Ma ora ha deciso di dare una svolta alla sua vita: “Ho scelto la libera
professione. Non credo più nei posti fissi. Sono realtà vecchie e
utopie attuali, accessibili solo a pochi ‘eletti’, spesso figli di
onorevoli o inciuciati vari. Se devo mangiare, oppure no, adesso lo
scelgo io. Non voglio più dipendere da un Tizio o da un Caio che mi
dicono: – C’è crisi, da domani non lavori più – . Qualcuno disse che
‘chi fa da sé, non sbaglia mai’. Io andrò avanti così”.
Linda, anche lei
palermitana, è una precaria della scuola. Ha sottoscritto contratti di
tutti i tipi, soprattutto con gli istituti privati “a tempo
determinato, co.co.co con busta paghe ‘gonfiate’, a tempo, ma con un
impegno maggiore.

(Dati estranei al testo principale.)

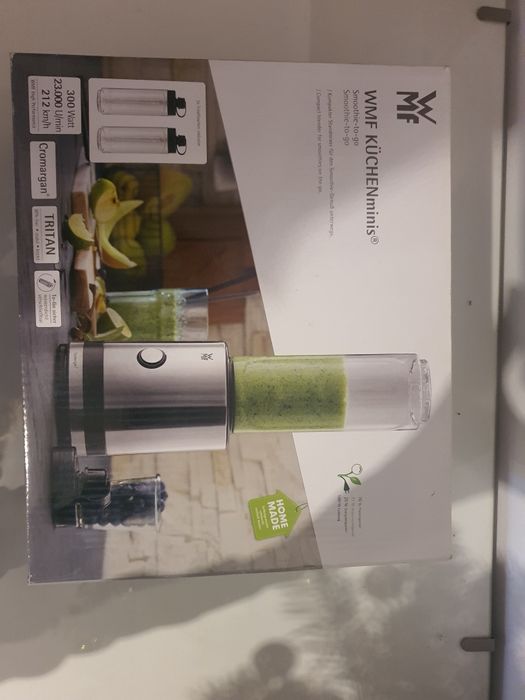 Blender kielichowy WMF Kitchenminis Smoothie 0,6l 2 butelki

Ho lavorato anche in nero”. Una condizione che vive
“malissimo. Il precariato – racconta Linda – è l’aberrazione del
lavoro. Il contratto dovrebbe rendere l’uomo libero, autosufficiente e
dargli dignità; il precariato rende schiavi, dipendenti dalla famiglia
di origine, e non permette di realizzarti”.
“Il problema – insiste una delle tante precarie della scuola – sta nel
non potere pensare al futuro. E la difficoltà non sta tanto nel non
pensarlo, quanto nel fatto che comunque arriverà, a grandi passi, e noi
non avremo gli strumenti per affrontarlo. Il precariato non tiene conto
dei cicli vitali: l’uomo invecchia, si ammala, si riproduce. Il
precariato ci toglie tutte queste possibilità. Prescindendo, poi, dalla
componente umana della nostra condizione, rubiamo una risorsa
importante a tutta la società”.
Infine, il modicano
Michele, che ha deciso di lasciare la Sicilia per andare a
vivere a Roma: “Sono stato e sono ancora un precario con contratto di
somministrazione occasionale, volgarmente detto contratto a chiamata.
Ogni mese devo fare i conti con l’affitto, con le bollette – che
scadono sempre – e le piccole spese extra. Il momento triste è quando
ci si accorge che non si è riuscito a mettere da parte nemmeno un euro,
seppur si sia risparmiato un po’ su tutto”.
Per Michele, che
ha 26 anni, “il precariato è la maledizione del millennio. Una bella
sorpresa per chi viene spinto a studiare in fretta per laurearsi in
tempo e poi scopre che il tanto vituperato lavoro è una bufala
colossale. Si sta male non solo per mancanza di soldi (per carità, pure
questo è un problema) ma, anche e soprattutto, perché non si riesce a
capire che ruolo si ha nel mercato del lavoro, quanti contribuiti sono
stati versati, se si avrà una dignitosa pensione: insomma la maggiore
preoccupazione è il non sapere se il gioco valga la candela”. Un tema,
quello del precariato, che, però, non riguarda solo la Sicilia.
Interessa, ahinoi, tutto il Mezzogiornod’Italia.